WASHINGTON, D.C. –
Police across the country are taking part in a new initiative meant to make our roads safer by cracking down on teens and adults who create abstract expressionist paintings while they drive.
The program involves PSA’s, training for officers on how to spot painters in their cars, as well as special checkpoints along major highways where officers will be able to arrest anyone refusing to follow the rules of traditional composition.
Abstract expressionism while driving has been on the rise in recent years, and some say has only gotten worse ever since teen clothier Urban Outfitters began selling “To-go” sized canvasses and mini paint buckets that fit in a car’s cup-holder. A recent survey by ABC News found that over 40% of young adults (ages 16-25) admit to abstract expressionist painting while driving, with 20% saying they create a mind-bending work of pure exploration every single time they get behind the wheel.

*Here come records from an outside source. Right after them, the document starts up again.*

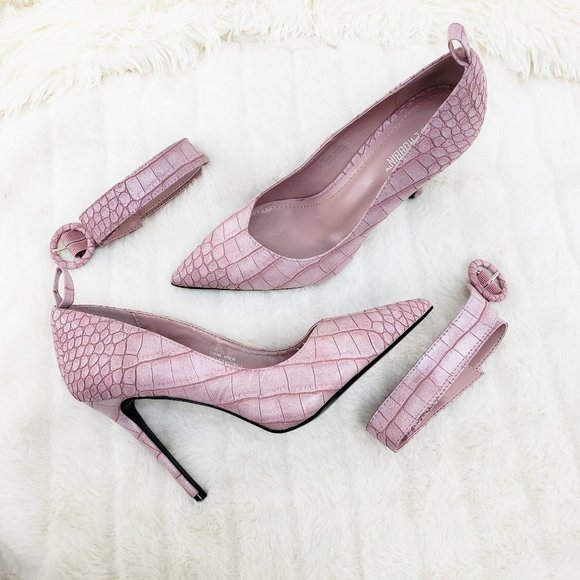 Cape Robbin Shoes - Lilac Snake Removable ankle strap Pumps High Heels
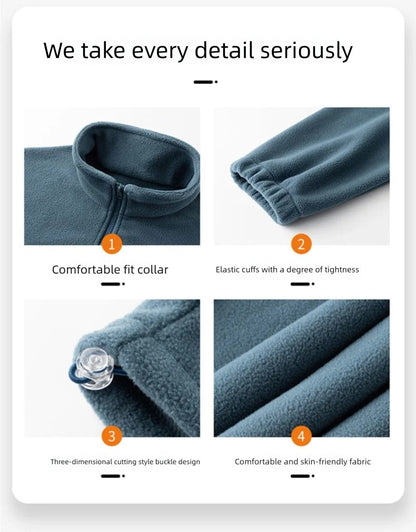 2025 New Style Stand Collar Sweater Half Zipper Pullover Long Sleeve Polar Fleece Men's Autumn And Winter Thick Base Warm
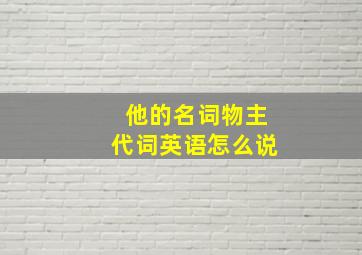 他的名词物主代词英语怎么说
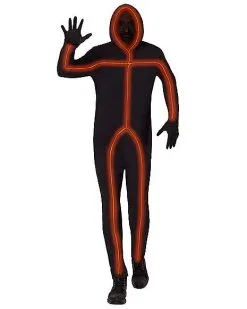 Spirit Halloween Adult Light-Up EL Wire Orange Stick Figure Costume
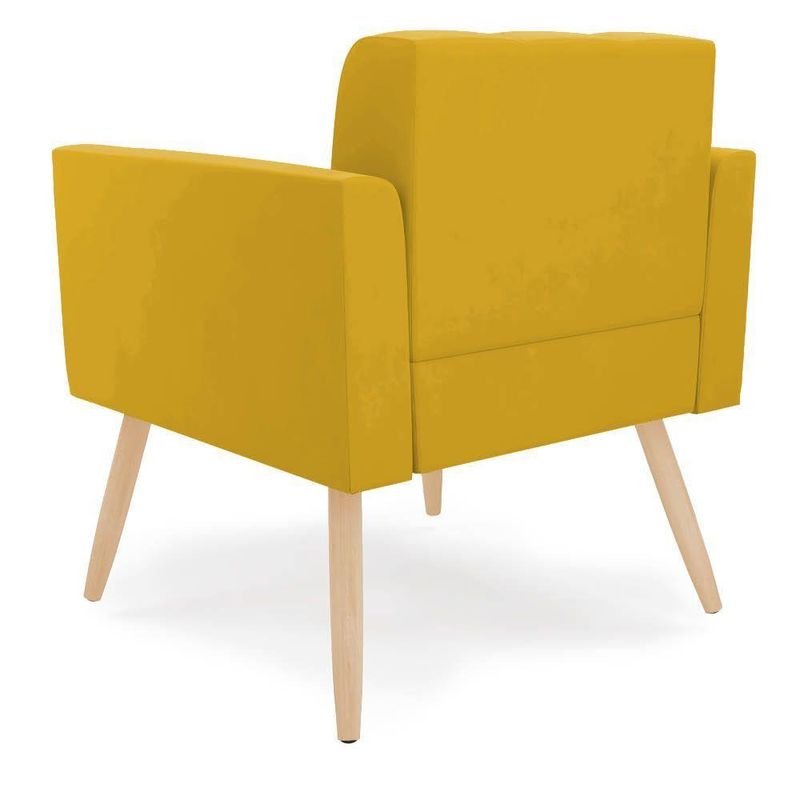 Poltrona Sala Decorativa Kit 2 Elisa Funcional Veludo Mostarda D'Rossi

Philadelphia Police Chief Charles Ramsey was instrumental in creating this new initiative. He says he first became passionate about this issue after a series of accidents in his home city.
“These young people, most of them teenagers, had gotten in to wrecks because they were distracted, applying paint to canvass in non-representational ways and trying to push the limits of what paint can express when they should be keeping their eyes on the road.” Said Ramsey. “I hope this program will help keep more people focused, and remind drivers that they can always explore two-dimensional reality after they get wherever they’re going.”
Empire News spoke to one teenager, Louis, who says that he started abstract expressionist painting while driving almost as soon as he got his license. Says Louis, “It’s not as big a deal as some people make it out to be. If you know what you’re doing, you’ll be fine. Like me, I only paint when I’m stopped at a red light… mostly because red lights are the inspiration for all my work. I try to create a visual mélange which evokes the red light without using the color red.”
According to existing distracted-driver laws, though, Louis is a criminal. Any police officer who catches him paining while driving is within their rights to arrest him. In most jurisdictions, abstract expressionist painting while driving carries a penalty of up to $500, and one scathing review of the painting in question by a magazine or newspaper of record.
Some outside of law enforcement have alleged that the crackdown on abstract expressionist painting while driving is unfairly targeted at young people. Studies have shown that those above the age of 40 tend to avoid abstract expressionism, but that 43% of them landscape or portrait paint while driving, and 37% of them compose classical epic poetry while behind the wheel.